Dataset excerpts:
···
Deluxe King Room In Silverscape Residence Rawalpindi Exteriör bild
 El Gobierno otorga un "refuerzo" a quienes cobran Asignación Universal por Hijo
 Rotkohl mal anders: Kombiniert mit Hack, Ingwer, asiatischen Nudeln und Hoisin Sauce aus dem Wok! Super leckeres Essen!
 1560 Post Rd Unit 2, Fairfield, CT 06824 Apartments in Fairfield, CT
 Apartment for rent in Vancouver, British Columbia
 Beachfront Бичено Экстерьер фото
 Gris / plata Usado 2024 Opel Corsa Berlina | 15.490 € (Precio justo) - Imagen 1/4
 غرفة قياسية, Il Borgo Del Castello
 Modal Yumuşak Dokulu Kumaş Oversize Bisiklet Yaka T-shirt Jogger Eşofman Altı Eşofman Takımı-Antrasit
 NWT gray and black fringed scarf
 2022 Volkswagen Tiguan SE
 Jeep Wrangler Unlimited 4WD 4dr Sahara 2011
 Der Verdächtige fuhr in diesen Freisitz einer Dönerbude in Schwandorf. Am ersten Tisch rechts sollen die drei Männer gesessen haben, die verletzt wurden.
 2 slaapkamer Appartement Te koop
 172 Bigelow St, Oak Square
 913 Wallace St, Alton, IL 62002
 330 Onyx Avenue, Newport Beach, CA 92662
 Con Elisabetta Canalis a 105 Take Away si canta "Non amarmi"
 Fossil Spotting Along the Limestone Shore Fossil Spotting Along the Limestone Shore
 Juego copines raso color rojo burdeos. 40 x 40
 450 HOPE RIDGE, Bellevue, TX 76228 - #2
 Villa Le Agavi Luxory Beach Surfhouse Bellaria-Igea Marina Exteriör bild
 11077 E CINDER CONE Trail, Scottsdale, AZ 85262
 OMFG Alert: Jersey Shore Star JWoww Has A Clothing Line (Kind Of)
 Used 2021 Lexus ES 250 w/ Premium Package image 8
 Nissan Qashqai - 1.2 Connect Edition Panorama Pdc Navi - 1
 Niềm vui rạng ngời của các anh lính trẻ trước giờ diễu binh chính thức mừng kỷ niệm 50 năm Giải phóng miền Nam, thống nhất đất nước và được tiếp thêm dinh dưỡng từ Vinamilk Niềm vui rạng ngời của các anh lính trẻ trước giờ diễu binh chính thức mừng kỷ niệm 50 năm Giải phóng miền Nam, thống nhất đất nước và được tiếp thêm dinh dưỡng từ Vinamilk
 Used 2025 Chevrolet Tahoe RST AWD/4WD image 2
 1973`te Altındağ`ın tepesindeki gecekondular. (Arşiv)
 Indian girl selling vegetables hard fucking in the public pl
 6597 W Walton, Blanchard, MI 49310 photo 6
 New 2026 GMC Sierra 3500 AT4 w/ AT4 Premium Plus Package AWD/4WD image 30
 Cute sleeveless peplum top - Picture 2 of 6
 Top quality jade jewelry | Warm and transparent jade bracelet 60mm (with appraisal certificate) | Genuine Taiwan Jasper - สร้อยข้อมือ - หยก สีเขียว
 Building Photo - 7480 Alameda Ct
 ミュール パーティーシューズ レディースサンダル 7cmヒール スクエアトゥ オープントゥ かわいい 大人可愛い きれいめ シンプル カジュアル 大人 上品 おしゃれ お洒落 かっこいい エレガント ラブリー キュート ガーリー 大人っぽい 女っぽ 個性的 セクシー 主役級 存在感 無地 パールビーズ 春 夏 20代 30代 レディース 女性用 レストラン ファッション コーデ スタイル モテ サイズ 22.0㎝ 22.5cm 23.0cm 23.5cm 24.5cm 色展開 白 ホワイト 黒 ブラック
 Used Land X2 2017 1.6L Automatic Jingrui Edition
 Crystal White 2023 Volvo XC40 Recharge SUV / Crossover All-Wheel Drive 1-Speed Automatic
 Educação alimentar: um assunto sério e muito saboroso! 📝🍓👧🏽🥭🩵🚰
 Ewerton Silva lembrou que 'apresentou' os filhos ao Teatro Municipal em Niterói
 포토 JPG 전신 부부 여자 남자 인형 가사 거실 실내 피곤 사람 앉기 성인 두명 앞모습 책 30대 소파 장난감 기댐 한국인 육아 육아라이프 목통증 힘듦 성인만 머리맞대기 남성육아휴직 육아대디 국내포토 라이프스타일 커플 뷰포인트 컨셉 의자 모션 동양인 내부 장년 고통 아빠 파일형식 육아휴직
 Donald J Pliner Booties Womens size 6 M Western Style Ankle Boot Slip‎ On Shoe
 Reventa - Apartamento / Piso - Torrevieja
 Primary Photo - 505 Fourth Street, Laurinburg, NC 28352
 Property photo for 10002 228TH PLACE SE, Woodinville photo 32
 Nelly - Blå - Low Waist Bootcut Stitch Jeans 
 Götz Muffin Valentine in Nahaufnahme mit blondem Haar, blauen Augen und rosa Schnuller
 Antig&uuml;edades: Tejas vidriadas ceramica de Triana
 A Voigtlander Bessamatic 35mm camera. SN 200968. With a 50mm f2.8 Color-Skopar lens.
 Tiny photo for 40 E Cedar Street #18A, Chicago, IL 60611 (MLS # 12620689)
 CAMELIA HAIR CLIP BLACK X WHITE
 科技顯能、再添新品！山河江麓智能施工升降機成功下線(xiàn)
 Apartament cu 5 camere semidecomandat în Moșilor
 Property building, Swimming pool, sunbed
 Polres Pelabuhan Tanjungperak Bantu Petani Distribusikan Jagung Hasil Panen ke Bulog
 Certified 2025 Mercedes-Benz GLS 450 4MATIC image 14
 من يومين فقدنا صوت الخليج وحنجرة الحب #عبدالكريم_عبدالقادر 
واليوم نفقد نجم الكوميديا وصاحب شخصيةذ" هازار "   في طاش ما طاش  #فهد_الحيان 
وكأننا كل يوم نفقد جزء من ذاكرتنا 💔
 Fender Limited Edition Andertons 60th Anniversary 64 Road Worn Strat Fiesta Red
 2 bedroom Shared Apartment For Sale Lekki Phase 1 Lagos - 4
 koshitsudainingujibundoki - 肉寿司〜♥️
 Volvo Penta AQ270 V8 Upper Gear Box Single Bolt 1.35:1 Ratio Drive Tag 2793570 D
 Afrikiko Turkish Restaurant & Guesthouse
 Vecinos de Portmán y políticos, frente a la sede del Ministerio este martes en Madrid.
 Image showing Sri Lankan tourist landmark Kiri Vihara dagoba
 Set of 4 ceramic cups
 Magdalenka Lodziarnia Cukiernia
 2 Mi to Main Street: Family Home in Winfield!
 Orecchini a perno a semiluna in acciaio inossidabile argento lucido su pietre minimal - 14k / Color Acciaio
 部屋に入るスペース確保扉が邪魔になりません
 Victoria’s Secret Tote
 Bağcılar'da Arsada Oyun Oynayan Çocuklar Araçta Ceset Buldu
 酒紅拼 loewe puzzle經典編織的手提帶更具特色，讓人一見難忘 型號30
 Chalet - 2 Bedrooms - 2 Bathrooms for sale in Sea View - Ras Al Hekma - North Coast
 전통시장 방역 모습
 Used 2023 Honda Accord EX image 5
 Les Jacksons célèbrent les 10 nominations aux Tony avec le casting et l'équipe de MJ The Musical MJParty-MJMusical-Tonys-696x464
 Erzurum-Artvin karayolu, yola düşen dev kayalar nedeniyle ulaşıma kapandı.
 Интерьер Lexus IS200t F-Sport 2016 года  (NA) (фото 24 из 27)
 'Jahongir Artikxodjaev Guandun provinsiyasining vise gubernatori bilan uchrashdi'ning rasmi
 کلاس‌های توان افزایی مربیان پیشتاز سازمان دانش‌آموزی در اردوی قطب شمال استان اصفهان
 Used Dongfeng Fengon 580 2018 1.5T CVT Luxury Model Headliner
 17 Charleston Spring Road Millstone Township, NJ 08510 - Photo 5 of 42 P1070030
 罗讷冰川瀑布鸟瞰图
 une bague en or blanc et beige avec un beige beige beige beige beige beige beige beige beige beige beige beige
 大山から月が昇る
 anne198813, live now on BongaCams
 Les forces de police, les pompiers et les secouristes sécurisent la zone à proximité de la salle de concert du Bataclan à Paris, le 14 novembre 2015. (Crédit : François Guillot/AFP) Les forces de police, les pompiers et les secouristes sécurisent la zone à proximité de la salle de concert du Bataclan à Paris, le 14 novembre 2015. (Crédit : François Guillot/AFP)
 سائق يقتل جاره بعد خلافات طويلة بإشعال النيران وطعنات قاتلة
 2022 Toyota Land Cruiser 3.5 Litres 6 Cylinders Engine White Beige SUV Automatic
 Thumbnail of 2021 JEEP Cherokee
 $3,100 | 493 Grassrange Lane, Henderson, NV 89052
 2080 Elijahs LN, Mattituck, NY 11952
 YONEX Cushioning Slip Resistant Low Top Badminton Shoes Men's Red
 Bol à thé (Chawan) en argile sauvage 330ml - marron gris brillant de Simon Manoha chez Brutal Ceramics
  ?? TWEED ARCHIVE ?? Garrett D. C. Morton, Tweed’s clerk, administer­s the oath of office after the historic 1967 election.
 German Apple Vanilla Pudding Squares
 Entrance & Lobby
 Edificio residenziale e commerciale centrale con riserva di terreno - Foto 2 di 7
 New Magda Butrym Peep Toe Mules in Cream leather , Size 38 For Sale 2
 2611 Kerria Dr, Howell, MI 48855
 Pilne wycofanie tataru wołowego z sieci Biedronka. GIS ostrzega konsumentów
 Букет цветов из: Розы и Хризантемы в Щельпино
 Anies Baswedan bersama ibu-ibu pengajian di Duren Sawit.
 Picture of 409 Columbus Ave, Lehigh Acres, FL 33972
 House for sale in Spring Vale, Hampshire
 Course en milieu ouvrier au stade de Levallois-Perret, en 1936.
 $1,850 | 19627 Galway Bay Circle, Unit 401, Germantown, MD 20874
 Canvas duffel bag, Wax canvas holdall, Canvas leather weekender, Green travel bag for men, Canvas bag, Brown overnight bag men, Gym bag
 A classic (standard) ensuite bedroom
···
Brief: Exact copies of the line containing "Bol à thé (Chawan)" and of every line after it through the end of the entries are all that should be output.

Output for this exercise:
 Bol à thé (Chawan) en argile sauvage 330ml - marron gris brillant de Simon Manoha chez Brutal Ceramics
  ?? TWEED ARCHIVE ?? Garrett D. C. Morton, Tweed’s clerk, administer­s the oath of office after the historic 1967 election.
 German Apple Vanilla Pudding Squares
 Entrance & Lobby
 Edificio residenziale e commerciale centrale con riserva di terreno - Foto 2 di 7
 New Magda Butrym Peep Toe Mules in Cream leather , Size 38 For Sale 2
 2611 Kerria Dr, Howell, MI 48855
 Pilne wycofanie tataru wołowego z sieci Biedronka. GIS ostrzega konsumentów
 Букет цветов из: Розы и Хризантемы в Щельпино
 Anies Baswedan bersama ibu-ibu pengajian di Duren Sawit.
 Picture of 409 Columbus Ave, Lehigh Acres, FL 33972
 House for sale in Spring Vale, Hampshire
 Course en milieu ouvrier au stade de Levallois-Perret, en 1936.
 $1,850 | 19627 Galway Bay Circle, Unit 401, Germantown, MD 20874
 Canvas duffel bag, Wax canvas holdall, Canvas leather weekender, Green travel bag for men, Canvas bag, Brown overnight bag men, Gym bag
 A classic (standard) ensuite bedroom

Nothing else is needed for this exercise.